# Requirement
Where the string "Figure" shows up in a line of the records, copy that line.

(Items from a data source)
+++

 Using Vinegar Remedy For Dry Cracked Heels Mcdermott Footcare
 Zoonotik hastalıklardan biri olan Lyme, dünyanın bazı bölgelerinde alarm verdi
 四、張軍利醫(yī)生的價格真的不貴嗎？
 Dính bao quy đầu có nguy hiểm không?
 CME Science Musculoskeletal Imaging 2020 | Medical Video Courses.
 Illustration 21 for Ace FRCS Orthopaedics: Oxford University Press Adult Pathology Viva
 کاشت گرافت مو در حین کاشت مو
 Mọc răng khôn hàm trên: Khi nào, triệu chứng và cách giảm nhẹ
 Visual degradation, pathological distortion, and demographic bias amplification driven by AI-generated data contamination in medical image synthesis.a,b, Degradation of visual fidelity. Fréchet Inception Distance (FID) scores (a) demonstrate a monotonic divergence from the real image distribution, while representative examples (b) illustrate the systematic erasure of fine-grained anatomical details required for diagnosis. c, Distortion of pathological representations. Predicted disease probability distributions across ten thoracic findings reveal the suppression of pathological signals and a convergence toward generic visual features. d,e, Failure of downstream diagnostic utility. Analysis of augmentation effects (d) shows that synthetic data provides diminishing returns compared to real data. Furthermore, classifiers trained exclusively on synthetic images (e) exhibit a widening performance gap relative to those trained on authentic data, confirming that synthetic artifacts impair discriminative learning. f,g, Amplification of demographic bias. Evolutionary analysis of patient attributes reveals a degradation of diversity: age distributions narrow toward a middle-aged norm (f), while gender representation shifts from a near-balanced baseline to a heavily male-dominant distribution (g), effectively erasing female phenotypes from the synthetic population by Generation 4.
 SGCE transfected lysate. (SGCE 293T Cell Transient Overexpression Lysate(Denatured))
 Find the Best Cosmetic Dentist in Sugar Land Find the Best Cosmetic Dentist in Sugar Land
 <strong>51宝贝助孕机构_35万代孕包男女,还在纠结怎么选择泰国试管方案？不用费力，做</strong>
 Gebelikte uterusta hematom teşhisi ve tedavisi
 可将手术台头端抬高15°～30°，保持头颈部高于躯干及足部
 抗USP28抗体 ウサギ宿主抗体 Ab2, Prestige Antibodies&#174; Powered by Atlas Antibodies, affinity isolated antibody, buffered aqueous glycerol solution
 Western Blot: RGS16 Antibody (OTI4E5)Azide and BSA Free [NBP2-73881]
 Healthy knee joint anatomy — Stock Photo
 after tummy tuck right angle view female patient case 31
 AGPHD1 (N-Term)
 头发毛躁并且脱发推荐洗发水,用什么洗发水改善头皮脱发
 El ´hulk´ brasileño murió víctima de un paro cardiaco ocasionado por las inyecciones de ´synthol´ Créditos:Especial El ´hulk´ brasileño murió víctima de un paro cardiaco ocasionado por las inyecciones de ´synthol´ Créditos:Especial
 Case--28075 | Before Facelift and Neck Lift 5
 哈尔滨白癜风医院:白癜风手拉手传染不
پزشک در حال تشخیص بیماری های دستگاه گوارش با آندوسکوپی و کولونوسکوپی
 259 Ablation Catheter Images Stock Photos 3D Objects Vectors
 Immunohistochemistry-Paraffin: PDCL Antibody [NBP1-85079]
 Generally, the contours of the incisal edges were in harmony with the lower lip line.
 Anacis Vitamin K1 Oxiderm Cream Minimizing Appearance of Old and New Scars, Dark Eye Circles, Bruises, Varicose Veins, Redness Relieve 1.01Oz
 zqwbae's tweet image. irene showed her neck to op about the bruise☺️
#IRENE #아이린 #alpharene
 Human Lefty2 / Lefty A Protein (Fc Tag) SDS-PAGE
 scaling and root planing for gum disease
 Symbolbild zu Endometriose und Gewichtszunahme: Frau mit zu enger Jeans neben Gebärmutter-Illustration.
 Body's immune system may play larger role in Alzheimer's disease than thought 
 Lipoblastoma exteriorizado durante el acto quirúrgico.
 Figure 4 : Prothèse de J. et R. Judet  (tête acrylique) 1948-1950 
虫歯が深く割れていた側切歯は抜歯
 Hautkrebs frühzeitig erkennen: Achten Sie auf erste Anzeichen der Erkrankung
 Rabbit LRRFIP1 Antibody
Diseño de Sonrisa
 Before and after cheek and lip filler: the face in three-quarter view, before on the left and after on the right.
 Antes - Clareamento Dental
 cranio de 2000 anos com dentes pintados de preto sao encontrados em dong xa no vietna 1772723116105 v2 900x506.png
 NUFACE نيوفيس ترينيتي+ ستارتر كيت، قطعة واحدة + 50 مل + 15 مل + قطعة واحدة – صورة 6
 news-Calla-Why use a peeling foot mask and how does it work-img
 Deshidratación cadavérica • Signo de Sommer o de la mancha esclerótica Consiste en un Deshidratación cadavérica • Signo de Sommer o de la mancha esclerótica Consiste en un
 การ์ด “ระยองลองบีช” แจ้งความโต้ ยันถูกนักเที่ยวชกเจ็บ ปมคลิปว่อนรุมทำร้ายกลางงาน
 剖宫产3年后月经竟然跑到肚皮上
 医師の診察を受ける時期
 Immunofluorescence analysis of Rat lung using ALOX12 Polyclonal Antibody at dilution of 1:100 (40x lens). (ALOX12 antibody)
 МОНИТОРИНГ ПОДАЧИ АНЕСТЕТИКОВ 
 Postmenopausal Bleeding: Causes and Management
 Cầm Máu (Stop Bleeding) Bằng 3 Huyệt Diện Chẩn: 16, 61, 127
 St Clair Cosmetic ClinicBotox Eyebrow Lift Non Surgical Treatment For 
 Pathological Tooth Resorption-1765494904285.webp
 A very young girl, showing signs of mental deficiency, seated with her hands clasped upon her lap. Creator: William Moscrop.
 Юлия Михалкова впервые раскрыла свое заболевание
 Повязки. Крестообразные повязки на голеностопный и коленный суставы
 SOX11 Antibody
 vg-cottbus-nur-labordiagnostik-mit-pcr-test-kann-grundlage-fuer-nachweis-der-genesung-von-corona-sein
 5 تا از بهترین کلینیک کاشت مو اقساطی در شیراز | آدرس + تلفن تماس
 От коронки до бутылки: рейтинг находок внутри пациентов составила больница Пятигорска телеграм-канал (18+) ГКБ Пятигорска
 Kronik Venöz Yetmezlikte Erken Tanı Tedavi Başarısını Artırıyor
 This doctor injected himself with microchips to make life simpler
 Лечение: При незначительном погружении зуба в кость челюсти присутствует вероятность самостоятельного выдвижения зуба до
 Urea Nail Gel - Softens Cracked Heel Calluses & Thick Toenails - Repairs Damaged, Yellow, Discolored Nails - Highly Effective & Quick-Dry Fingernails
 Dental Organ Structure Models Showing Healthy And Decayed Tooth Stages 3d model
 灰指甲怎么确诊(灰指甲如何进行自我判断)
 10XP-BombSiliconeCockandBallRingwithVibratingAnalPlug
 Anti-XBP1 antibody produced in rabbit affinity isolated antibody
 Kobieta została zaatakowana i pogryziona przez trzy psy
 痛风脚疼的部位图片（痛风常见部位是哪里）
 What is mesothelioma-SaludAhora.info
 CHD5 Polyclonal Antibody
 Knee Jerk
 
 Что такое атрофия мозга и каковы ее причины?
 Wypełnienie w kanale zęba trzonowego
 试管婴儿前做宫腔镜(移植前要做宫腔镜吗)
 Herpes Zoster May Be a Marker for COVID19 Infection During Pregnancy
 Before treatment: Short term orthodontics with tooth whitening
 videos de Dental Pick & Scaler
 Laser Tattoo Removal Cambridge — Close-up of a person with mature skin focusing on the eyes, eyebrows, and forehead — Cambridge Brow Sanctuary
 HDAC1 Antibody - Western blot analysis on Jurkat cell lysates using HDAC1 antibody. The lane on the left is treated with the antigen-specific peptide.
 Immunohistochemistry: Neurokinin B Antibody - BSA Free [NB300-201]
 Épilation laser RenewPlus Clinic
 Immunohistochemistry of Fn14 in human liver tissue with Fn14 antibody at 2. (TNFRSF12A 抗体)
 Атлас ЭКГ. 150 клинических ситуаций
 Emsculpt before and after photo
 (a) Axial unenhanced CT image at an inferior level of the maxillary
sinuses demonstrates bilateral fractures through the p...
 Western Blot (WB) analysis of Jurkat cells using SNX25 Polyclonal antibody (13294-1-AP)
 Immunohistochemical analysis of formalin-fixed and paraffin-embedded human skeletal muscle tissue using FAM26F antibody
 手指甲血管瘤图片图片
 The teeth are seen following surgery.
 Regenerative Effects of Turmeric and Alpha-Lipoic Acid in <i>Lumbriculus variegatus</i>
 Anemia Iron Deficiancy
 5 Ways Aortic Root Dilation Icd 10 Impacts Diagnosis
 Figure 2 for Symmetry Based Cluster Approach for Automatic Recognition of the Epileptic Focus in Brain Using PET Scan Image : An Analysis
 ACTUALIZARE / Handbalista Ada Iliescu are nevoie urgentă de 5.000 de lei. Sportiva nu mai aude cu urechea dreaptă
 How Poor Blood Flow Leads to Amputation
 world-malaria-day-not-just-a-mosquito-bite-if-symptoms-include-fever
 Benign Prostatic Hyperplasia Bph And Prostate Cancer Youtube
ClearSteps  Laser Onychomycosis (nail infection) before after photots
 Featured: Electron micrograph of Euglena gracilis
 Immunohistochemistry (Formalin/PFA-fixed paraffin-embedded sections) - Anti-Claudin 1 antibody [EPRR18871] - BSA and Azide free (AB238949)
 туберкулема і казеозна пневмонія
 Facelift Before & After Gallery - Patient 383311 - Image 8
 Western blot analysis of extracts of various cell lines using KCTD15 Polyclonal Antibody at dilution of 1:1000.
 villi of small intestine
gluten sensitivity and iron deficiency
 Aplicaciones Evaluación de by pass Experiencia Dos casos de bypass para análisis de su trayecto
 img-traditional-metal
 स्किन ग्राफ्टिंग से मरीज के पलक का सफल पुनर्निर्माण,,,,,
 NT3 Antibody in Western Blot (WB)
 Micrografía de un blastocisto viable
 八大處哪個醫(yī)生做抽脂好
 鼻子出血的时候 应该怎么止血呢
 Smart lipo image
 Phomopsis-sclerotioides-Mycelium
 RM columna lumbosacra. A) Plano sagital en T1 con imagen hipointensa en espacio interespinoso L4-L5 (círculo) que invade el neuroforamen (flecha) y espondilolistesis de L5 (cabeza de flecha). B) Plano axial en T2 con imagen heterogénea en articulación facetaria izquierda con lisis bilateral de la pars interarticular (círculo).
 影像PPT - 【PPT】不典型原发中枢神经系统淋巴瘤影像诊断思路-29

+++

# Task output
 Figure 4 : Prothèse de J. et R. Judet  (tête acrylique) 1948-1950 
 Figure 2 for Symmetry Based Cluster Approach for Automatic Recognition of the Epileptic Focus in Brain Using PET Scan Image : An Analysis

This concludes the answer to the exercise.